"This no-free-lunch rule applies to all energy alternatives. For example, while ethanol brewed from cost-effective crops can replace gasoline in the short-term, it still releases CO2. Solar and wind power are emission-free, but face their own downsides. One is power density. While a chunk of coal packs lots of energy into a small volume, wind and solar are rather dispersed. Thus, where a coal-fired power plant capable of powering a small city takes up only a few hundred acres, a wind-farm of the same capacity would require hundreds of square miles. Ditto for solar."
So says Paul Roberts towards the end of a clear-headed article about energy in today's Boston Globe (click the title of this post, which is the last heading of his piece).

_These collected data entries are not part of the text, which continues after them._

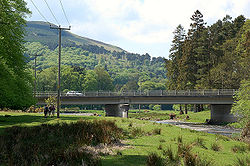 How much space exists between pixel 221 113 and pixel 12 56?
51447mm

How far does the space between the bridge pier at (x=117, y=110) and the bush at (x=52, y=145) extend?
5044cm

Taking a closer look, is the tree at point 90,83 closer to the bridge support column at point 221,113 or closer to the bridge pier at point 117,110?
the bridge pier at point 117,110

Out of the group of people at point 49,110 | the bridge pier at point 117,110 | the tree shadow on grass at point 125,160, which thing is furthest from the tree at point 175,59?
the tree shadow on grass at point 125,160

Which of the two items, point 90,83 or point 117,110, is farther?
point 90,83

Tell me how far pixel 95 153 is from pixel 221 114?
61.3m

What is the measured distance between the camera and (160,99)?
237ft

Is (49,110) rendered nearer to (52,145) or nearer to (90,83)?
(52,145)

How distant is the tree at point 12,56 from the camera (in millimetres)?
30688

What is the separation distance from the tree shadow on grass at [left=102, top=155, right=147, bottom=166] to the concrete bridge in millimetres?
56042

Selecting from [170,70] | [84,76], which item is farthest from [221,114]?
[84,76]

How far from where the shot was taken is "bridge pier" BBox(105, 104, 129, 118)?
235ft

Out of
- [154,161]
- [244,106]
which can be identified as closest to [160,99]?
[244,106]

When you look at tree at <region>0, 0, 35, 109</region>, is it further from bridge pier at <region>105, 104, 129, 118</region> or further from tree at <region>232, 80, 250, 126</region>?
bridge pier at <region>105, 104, 129, 118</region>

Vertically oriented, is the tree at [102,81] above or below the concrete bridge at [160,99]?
above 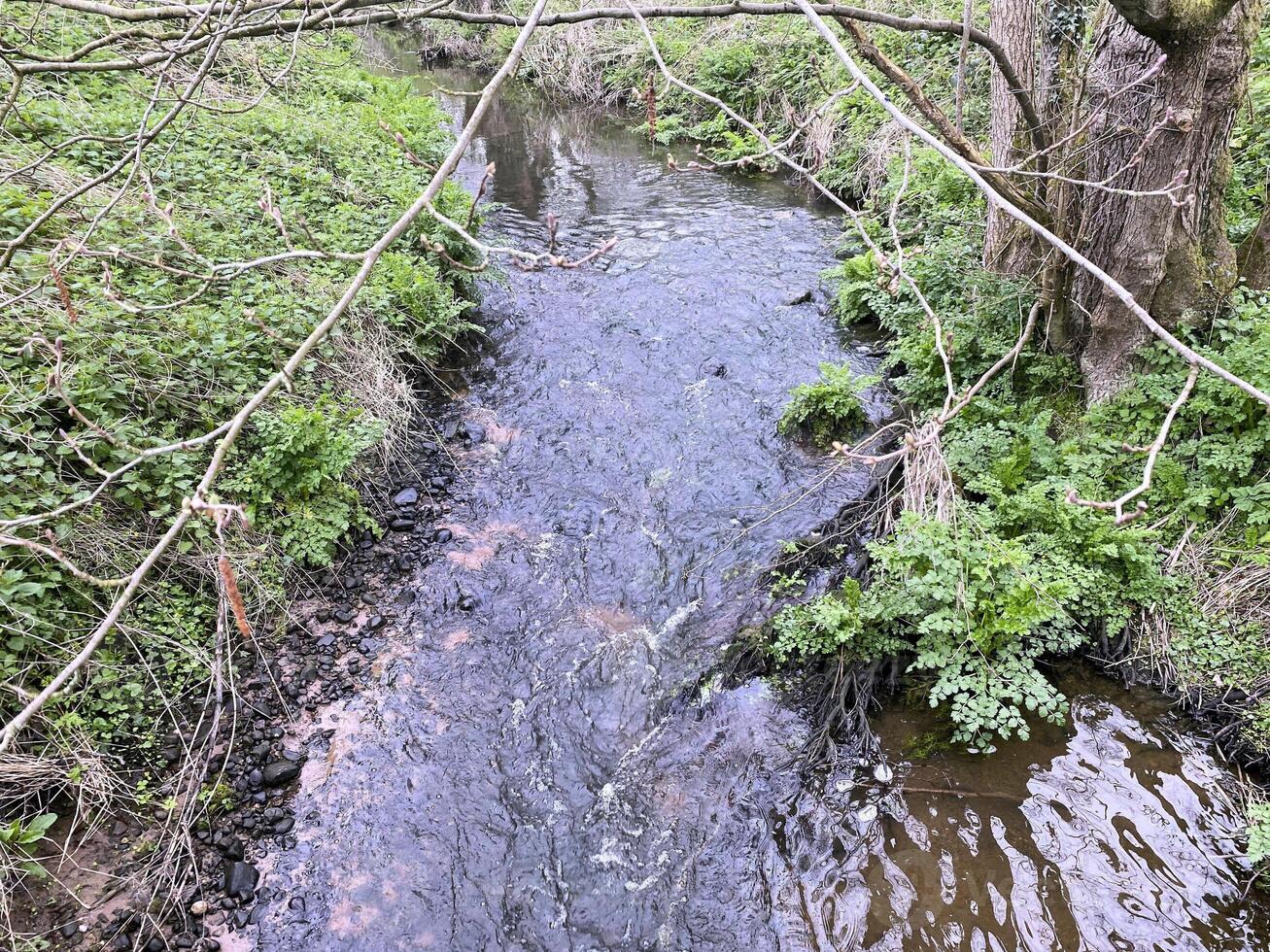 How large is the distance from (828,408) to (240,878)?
5068mm

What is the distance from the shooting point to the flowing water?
353cm

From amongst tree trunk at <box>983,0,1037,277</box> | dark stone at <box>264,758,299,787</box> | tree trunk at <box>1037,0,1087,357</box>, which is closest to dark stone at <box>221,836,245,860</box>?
dark stone at <box>264,758,299,787</box>

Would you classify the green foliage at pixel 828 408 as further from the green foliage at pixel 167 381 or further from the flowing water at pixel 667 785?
the green foliage at pixel 167 381

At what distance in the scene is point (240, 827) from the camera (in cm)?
386

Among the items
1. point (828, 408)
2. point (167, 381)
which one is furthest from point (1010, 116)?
point (167, 381)

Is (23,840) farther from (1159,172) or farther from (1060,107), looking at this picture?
(1060,107)

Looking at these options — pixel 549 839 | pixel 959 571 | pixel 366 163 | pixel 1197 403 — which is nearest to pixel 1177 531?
pixel 1197 403

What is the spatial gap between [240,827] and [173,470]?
205 cm

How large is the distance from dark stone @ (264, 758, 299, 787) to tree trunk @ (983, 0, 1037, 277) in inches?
237

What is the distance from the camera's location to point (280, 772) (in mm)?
4086

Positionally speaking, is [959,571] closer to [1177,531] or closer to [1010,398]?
[1177,531]

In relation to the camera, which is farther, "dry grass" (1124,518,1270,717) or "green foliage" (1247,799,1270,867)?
"dry grass" (1124,518,1270,717)

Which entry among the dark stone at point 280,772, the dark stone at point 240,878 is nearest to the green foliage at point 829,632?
the dark stone at point 280,772

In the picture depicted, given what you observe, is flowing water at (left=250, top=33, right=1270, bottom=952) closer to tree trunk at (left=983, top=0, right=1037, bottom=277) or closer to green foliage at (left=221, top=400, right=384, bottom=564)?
green foliage at (left=221, top=400, right=384, bottom=564)
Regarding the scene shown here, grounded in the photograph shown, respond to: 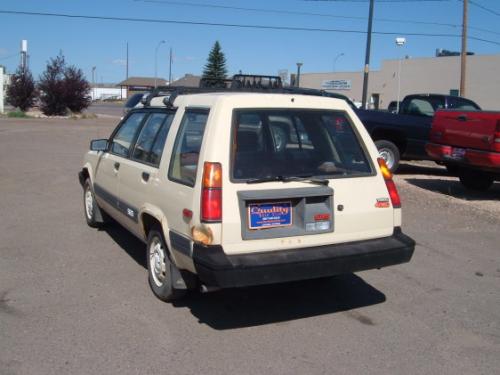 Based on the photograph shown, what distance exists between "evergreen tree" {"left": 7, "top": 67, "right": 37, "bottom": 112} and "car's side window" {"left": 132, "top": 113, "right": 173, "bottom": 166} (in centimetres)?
3547

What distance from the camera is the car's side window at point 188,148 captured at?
430 cm

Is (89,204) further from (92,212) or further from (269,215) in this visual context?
(269,215)

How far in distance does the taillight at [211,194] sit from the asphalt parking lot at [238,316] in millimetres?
917

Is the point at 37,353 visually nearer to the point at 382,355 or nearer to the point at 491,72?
the point at 382,355

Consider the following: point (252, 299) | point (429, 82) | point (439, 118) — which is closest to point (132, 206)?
point (252, 299)

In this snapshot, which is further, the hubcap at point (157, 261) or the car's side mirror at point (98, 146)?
the car's side mirror at point (98, 146)

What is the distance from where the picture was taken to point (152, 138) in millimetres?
5207

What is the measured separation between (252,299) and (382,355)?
1.39m

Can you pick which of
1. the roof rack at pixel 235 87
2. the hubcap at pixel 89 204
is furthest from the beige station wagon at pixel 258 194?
the hubcap at pixel 89 204

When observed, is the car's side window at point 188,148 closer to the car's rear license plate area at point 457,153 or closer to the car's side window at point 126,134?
the car's side window at point 126,134

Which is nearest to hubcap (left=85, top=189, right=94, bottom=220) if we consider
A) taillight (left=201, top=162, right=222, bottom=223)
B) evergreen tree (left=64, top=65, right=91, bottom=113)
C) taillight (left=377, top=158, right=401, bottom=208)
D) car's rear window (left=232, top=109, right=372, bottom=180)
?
car's rear window (left=232, top=109, right=372, bottom=180)

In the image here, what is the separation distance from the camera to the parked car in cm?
1286

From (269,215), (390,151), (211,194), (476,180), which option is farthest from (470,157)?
(211,194)

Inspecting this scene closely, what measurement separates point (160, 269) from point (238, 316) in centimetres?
79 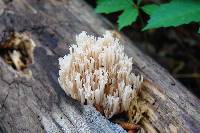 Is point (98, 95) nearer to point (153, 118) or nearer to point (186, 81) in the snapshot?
point (153, 118)

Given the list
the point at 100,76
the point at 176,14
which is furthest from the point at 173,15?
the point at 100,76

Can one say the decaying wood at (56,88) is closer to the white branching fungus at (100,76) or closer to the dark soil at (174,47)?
the white branching fungus at (100,76)

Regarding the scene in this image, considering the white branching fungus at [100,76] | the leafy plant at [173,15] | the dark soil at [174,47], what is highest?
the leafy plant at [173,15]

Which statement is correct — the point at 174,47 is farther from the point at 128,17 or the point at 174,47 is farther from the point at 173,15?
the point at 173,15

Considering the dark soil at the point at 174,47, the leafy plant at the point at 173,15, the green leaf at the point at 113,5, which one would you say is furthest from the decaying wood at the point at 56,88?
the dark soil at the point at 174,47

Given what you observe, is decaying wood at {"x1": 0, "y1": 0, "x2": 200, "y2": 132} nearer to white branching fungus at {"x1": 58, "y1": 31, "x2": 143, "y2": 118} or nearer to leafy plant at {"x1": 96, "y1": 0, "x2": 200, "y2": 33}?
white branching fungus at {"x1": 58, "y1": 31, "x2": 143, "y2": 118}

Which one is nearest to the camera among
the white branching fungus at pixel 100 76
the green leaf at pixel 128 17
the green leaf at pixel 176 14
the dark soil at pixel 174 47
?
the white branching fungus at pixel 100 76

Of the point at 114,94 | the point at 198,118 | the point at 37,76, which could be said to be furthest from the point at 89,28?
the point at 198,118
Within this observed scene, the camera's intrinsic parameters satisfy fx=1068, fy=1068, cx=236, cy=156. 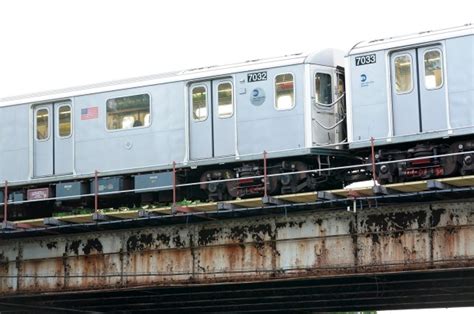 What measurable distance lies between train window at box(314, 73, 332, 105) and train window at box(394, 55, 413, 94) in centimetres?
219

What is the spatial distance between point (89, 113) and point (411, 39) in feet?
31.2

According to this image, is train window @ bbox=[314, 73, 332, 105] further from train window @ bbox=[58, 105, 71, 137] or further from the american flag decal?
train window @ bbox=[58, 105, 71, 137]

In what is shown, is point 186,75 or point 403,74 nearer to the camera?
point 403,74

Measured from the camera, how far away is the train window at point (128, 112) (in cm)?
2831

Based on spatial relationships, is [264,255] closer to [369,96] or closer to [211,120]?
[369,96]

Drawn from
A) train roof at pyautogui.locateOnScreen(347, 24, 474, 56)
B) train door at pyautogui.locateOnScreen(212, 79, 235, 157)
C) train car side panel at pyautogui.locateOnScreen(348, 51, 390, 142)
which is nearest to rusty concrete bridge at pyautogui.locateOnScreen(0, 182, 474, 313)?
train door at pyautogui.locateOnScreen(212, 79, 235, 157)

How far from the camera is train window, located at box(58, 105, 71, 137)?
29.7m

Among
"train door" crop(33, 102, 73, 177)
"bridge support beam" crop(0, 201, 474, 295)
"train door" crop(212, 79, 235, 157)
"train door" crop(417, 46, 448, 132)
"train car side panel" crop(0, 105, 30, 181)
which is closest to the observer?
"bridge support beam" crop(0, 201, 474, 295)

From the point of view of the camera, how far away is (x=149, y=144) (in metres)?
28.2

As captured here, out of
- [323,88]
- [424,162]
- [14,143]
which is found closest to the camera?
[424,162]

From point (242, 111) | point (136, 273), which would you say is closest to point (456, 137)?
point (242, 111)

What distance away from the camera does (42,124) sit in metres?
30.2

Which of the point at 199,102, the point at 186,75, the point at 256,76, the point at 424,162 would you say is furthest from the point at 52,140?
the point at 424,162

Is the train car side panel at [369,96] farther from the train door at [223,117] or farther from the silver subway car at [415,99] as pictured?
the train door at [223,117] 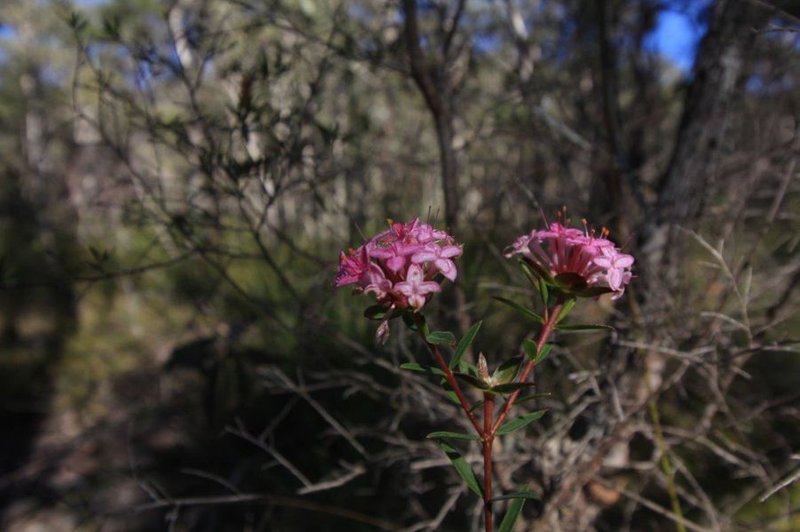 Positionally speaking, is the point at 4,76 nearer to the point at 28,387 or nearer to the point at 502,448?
the point at 28,387

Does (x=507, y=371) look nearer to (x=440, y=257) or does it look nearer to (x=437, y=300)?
(x=440, y=257)

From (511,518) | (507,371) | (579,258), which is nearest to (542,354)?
(507,371)

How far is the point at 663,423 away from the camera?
10.1 feet

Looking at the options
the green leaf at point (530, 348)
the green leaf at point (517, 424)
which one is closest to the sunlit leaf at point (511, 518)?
the green leaf at point (517, 424)

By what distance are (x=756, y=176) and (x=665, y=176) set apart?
1.18ft

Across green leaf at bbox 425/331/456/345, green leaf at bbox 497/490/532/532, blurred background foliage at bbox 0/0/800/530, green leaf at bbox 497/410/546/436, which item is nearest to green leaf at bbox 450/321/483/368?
green leaf at bbox 425/331/456/345

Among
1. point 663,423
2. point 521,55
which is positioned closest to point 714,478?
point 663,423

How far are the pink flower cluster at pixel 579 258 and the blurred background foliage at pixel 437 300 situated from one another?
34 cm

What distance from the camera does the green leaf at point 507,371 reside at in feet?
3.52

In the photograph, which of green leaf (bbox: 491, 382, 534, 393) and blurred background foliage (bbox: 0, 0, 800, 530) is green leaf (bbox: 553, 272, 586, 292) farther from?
blurred background foliage (bbox: 0, 0, 800, 530)

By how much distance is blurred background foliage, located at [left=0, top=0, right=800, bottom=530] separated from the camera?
209cm

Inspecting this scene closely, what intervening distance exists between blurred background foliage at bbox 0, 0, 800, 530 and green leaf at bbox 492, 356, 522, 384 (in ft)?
1.07

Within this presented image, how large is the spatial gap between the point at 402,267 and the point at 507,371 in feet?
0.82

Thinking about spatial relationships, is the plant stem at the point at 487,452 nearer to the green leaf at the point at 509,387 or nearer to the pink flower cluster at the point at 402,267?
the green leaf at the point at 509,387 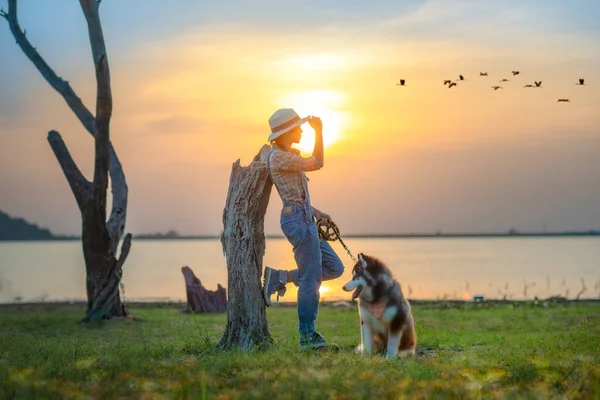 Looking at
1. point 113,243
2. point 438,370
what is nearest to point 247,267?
point 438,370

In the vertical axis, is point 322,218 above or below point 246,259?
above

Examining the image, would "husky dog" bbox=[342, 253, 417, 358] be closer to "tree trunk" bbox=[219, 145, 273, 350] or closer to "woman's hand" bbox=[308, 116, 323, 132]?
"tree trunk" bbox=[219, 145, 273, 350]

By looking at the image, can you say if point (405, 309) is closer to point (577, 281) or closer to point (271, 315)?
point (271, 315)

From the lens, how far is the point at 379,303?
31.8ft

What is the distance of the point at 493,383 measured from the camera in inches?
319

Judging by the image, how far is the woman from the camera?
990 centimetres

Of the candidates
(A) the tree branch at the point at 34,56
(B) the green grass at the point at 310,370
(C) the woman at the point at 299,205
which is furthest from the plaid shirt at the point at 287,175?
(A) the tree branch at the point at 34,56

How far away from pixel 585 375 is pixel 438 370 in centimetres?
139

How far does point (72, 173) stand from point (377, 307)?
9855 millimetres

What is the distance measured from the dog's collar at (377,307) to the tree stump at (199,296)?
11068 millimetres

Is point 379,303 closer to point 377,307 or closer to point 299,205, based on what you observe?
point 377,307

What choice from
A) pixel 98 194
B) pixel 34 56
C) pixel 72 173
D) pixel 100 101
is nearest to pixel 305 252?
pixel 98 194

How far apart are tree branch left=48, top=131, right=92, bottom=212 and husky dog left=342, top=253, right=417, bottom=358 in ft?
30.1

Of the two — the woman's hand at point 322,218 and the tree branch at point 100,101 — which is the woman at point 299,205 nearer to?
the woman's hand at point 322,218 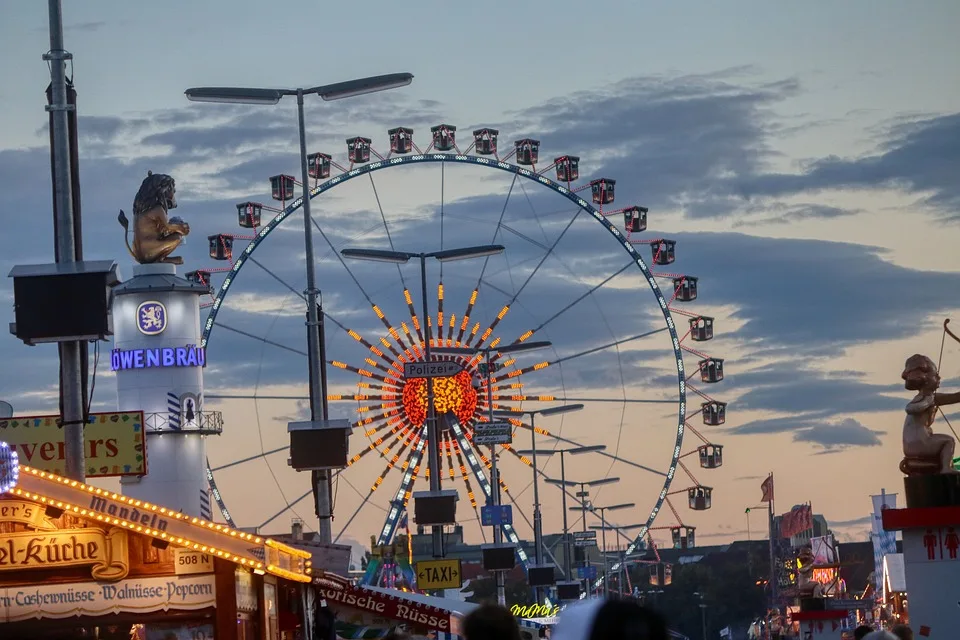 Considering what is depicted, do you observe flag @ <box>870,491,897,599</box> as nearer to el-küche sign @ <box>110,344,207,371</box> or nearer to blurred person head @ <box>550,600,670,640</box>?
el-küche sign @ <box>110,344,207,371</box>

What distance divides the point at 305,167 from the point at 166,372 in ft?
143

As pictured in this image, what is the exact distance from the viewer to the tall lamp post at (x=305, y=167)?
35.5 meters

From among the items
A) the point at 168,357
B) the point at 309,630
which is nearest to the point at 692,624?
the point at 168,357

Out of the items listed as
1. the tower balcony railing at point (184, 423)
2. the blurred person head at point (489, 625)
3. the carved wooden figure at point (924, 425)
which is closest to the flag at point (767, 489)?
the tower balcony railing at point (184, 423)

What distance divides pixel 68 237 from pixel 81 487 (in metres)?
2.57

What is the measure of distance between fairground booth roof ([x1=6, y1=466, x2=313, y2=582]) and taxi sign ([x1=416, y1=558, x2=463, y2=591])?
21.3m

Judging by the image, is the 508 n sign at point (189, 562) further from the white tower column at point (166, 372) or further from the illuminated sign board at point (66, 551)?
the white tower column at point (166, 372)

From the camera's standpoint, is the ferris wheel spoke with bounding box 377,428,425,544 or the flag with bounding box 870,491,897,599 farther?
the flag with bounding box 870,491,897,599

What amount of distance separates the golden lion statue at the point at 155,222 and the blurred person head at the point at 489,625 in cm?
7389

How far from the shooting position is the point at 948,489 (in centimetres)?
1903

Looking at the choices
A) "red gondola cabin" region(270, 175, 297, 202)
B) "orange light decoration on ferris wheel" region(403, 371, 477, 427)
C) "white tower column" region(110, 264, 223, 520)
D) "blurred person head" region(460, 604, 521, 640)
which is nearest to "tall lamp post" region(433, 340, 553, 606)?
"orange light decoration on ferris wheel" region(403, 371, 477, 427)

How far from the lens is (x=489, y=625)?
6410 mm

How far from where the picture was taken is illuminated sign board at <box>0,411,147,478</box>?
134 feet

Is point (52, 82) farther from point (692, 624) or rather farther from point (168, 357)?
point (692, 624) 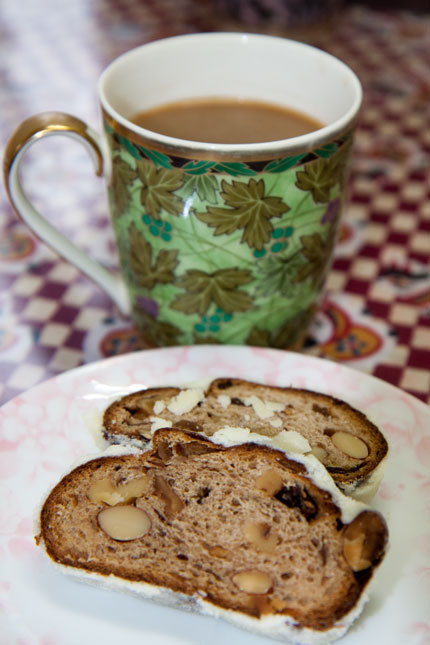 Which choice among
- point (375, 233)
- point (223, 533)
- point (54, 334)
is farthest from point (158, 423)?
point (375, 233)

A couple of points concerning the excerpt above. Corn or hemp or other plant-derived gasoline substitutes do indeed release CO2 when burned, but while the crops are growing they absorb CO2 and are therefore considered emission-neutral. And a wind-powered facility of the same capacity as the coal-fired plant in his example would in fact have to be almost 4 times as large as he says, to make up for the intermittency of its energy source, the wind. You would still need the coal-fired plant as well, operating very inefficiently, to compensate for the highly variable wind-plant output and respond to actual customer need (to which wind facilities are happily oblivious).